È assai probabile che dopo questa drammatica esperienza Betlemme non sia riuscita a tornare al suo antico splendore. Quasi duecento anni dopo, infatti, il profeta Michea (seconda metà dell’VIII secolo a.C.) iniziò la sua celebre profezia messianica con queste parole: «E tu, Betlemme di Efrata, così piccola [la più piccola, secondo la traduzione greca dei Settanta] per essere fra i villaggi di Giuda, da te uscirà per me colui che deve essere il dominatore in Israele» (Mic 5,1).
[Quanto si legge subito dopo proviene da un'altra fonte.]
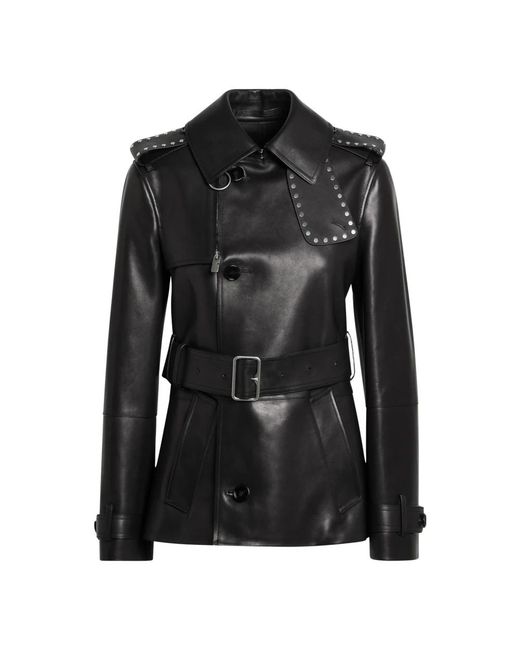 Burberry Black Mini Short Leather Jacket With Studs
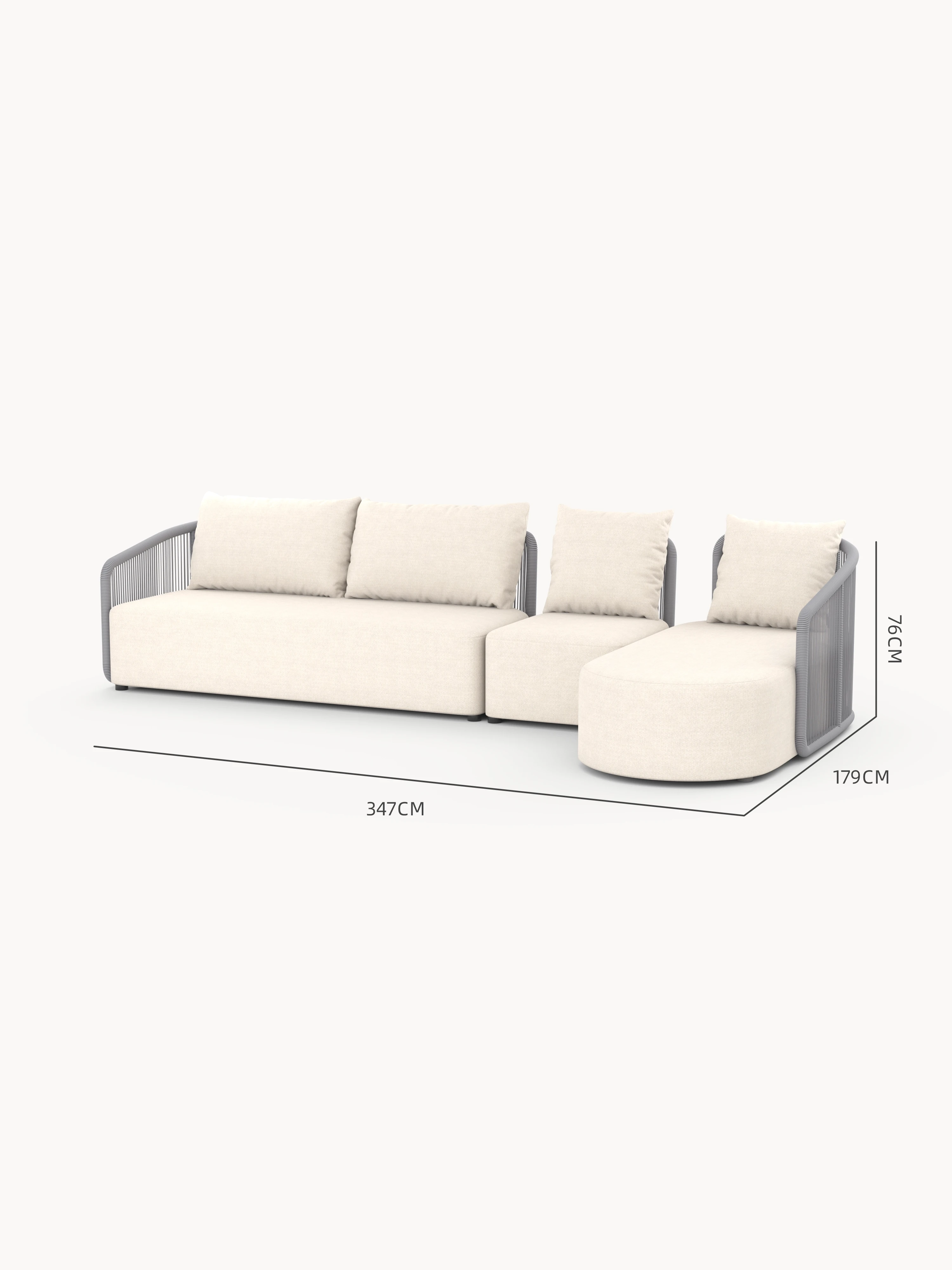 Kapalai Garten Loungesofa Set (5-Sitzer): Beige, dreiteiliges Sofa mit Seil-umwickelten Armlehnen, bestehend aus Dreisitzer, mittlerem Modul und rechtsseitiger Chaiselongue, ideal für flexible Gartengestaltung.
Alcuni secoli più tardi l’evangelista Matteo, raccontando gli eventi legati alla nascita di Gesù a Betlemme, riprenderà questo oracolo profetico, modificandone leggermente il contenuto: «E tu, Betlemme, terra di Giuda, non sei davvero l’ultima delle città principali di Giuda: da te infatti uscirà un capo che sarà il pastore del mio popolo, Israele» (Mt 2,6). Questo passo di Matteo, che non corrisponde alla lettera né al testo ebraico né a quello greco dei Settanta, sembra essere una costruzione dell’evangelista, che vi ha fuso insieme due passi della Scrittura: Mic 5,1 e 2Sam 5,2; quest’ultimo parla di Davide che viene costituito a Ebron re di tutto Israele: «Il Signore ti ha detto: “Tu pascerai il mio popolo Israele, tu sarai capo d’Israele”». È probabile che Betlemme al tempo di Gesù avesse un aspetto non molto diverso da quello che aveva al tempo di Michea. Tuttavia, agli occhi di Matteo, che contemplava questa città sotto il profilo teologico, la sua importanza è cresciuta grandemente nel momento in cui in essa nacque il Messia atteso.